Doctor Who: I Love You. You're Perfect. Now Change.
It's been a long, long wait to get to the second half of Season 7 on Doctor Who, and "The Bells of St John" is not a bad way at all to start back up again. It's a fast-paced, thrilling story that has begun what I am sure are a long series of subtle nods to the past of the show as we head toward the 50th anniversary.
The big question of course is just who or what is Clara Oswald, who we have seen die in both "Asylum of the Daleks" and "The Snowmen." Now we're dealing with the proper, modern-day London aspect of the newest companion in her "Rose" episode, and Jenna-Louise Coleman is already establishing herself as a brilliant and wonderful companion. Her delivery is machine-gun fast, and she's cute as underoos without any of the schoolyard-crush aspects that marred both Amy and Martha.
Steven Moffat apparently decided that people in the world, particularly in surveillance camera-happy London, weren't quite frightened enough of the all-pervading web of electronic information that we walk around in thick as bacteria. Now people are finding themselves mysteriously killed, their souls uploaded to a bizarre and hidden Wi-Fi network that serves as a digital hell. Clara is the latest of these victims, discovered just as The Doctor finally tracks her down across time.
Collection of these souls is handled by the Spoonheads, a fleet of robotic Wi-Fi base towers that use memory to camouflage themselves as humans but reveal their true nature by turning around to show the concave scanners in the backs of their heads. As far as villains go, they're pretty average. Honestly, they're really just another version of the Smilers from "The Beast Below." Slick computer work aside, they are menacing but otherwise forgettable.

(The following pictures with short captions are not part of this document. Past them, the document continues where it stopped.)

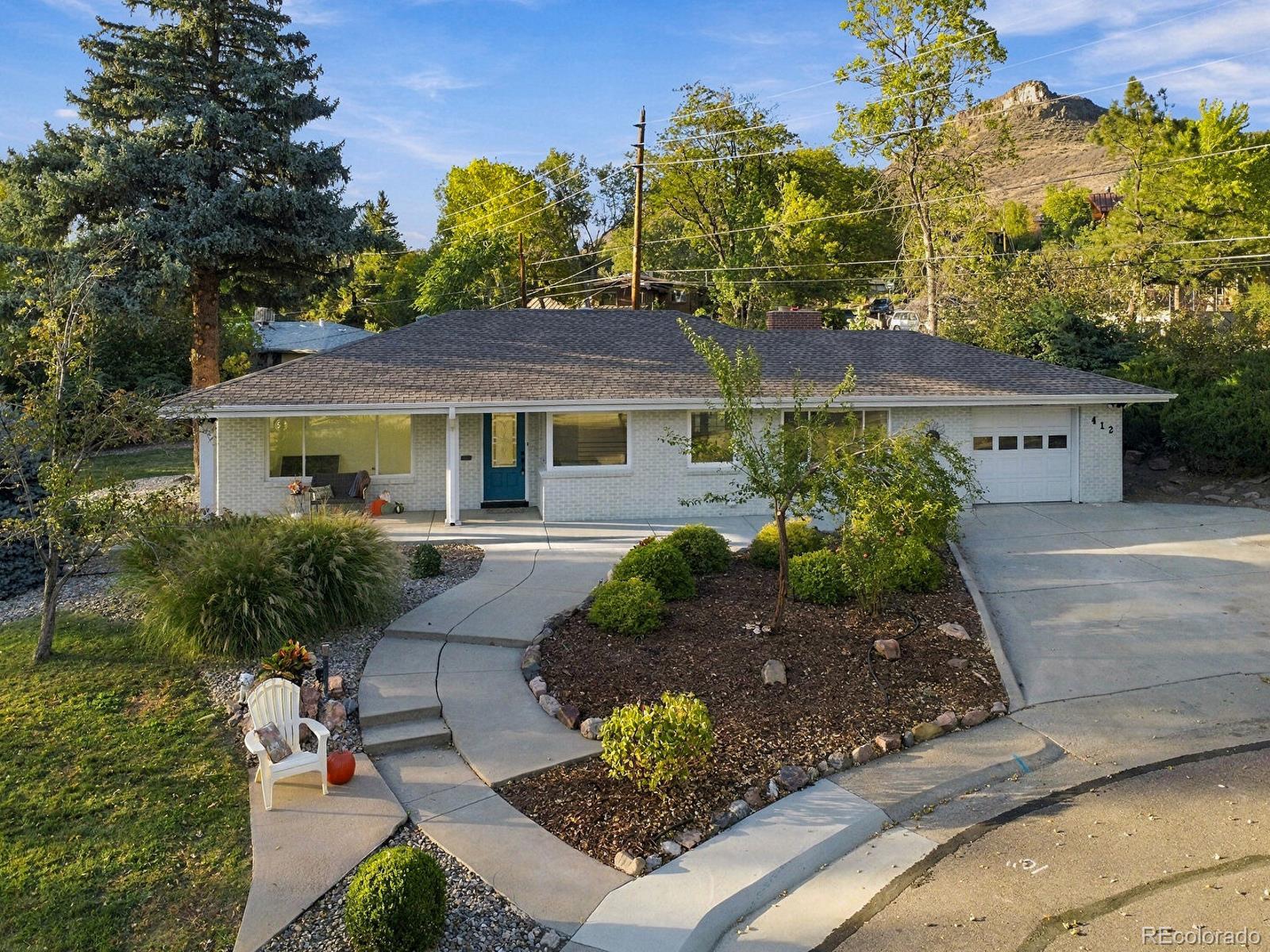 412 Grand Court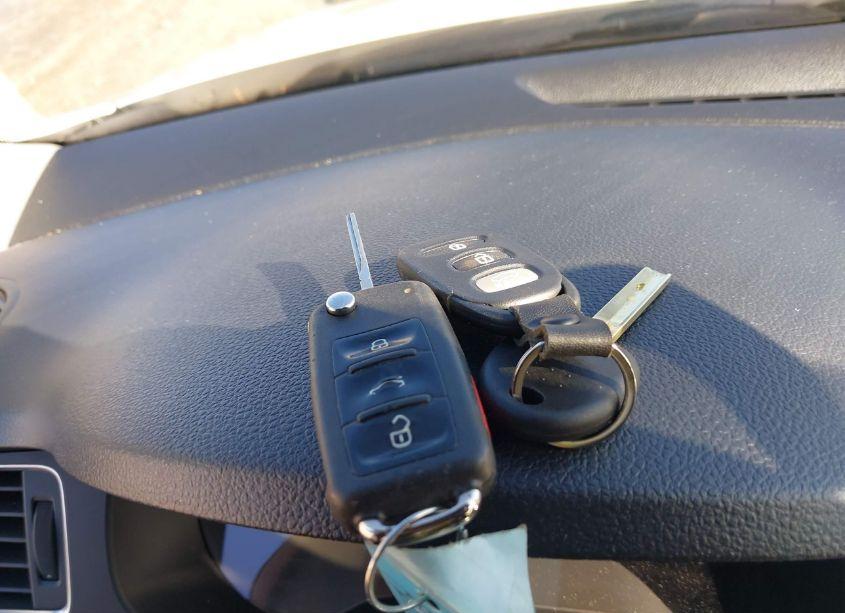 Photo 11 of 2011 Volkswagen Jetta 2.0L S (VIN 3VW2K7AJ4BM060203)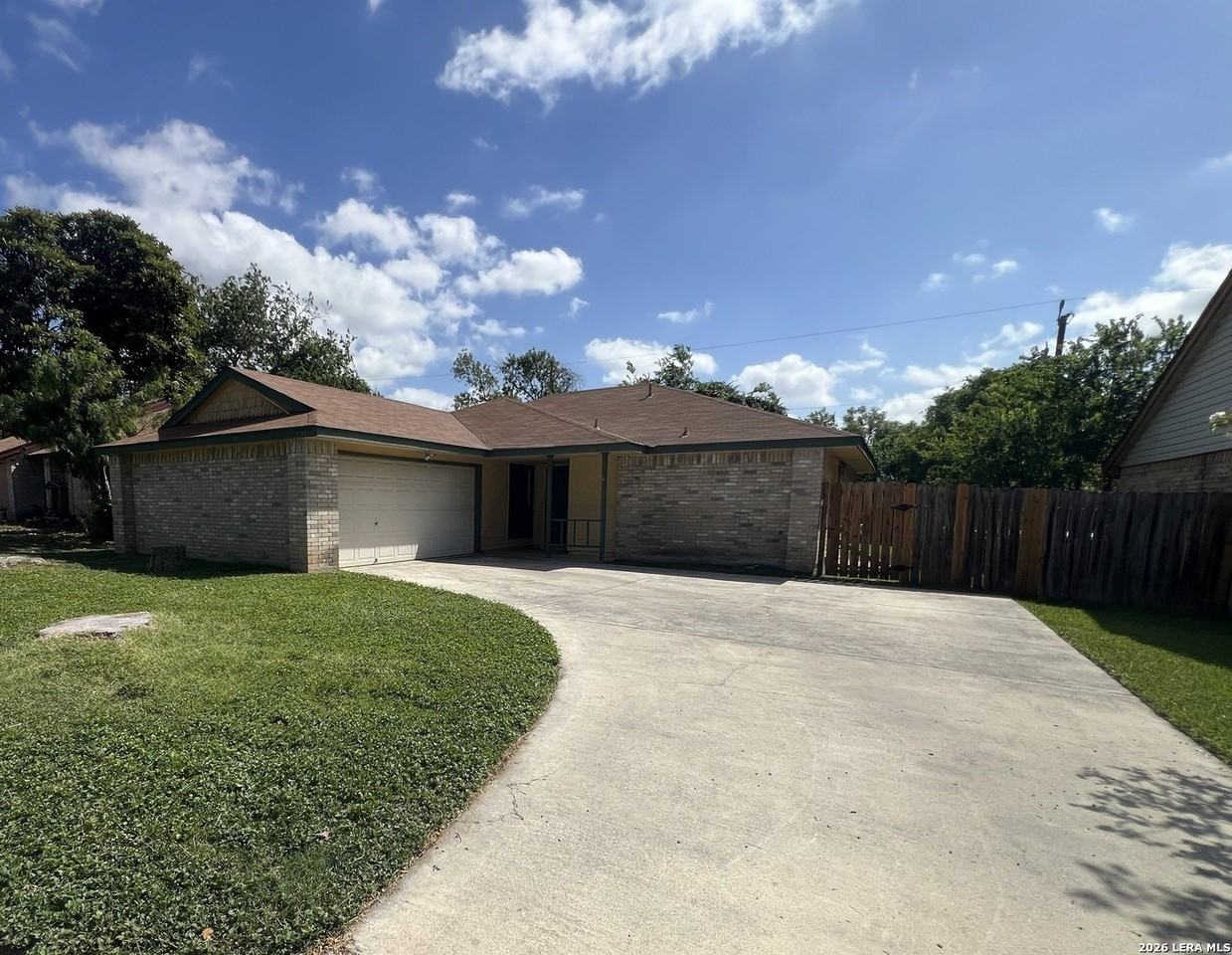 6530 Forest Vlg - Photo 2 of 30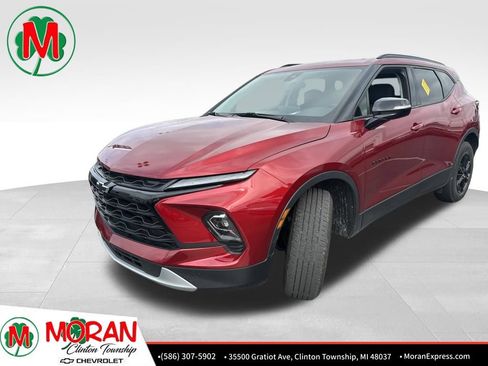 Certified 2024 Chevrolet Blazer LT w/ Sound & Technology Package FWD image 1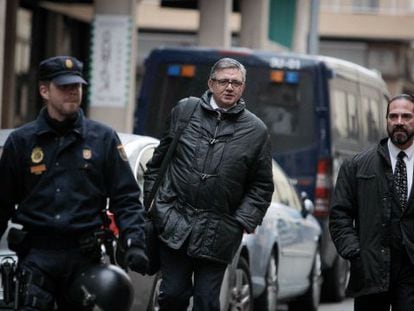 Carlos García Revenga, en el centro, llega a los juzgados de Palma.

You might notice that I'm not talking about The Doctor overly much, and there's a good reason for that. If Matt Smith's Doctor has any real flaw, it's his tendency to allow himself to become a sidekick. He was utterly defined by Amy's perception of him, which is why consequently his best moments were often with Craig Owens or off on his own for Christmas.
His passionate desire to save and protect Clara, clearly born from guilt over the loss of Amy and Rory and mirroring the sadness of his fifth incarnation over the death of Adric, is both noble and sad. He has seen so much pain and loss recently, and he is once again searching for that day when everybody lives that we haven't seen in so very long. In that regard, Clara acts as an intense focus of energy that The Doctor loses himself in.
It's not a bad thing, and both Smith and Coleman make it work. The two gallivant around London, and even onto a crashing plane, with a casual impetuousness that makes for fantastic television. When you see them cavorting around on a motorcycle doing their best to re-create Roman Holiday in present-day London, you will feel the thrill of what makes Doctor Who such an amazing show.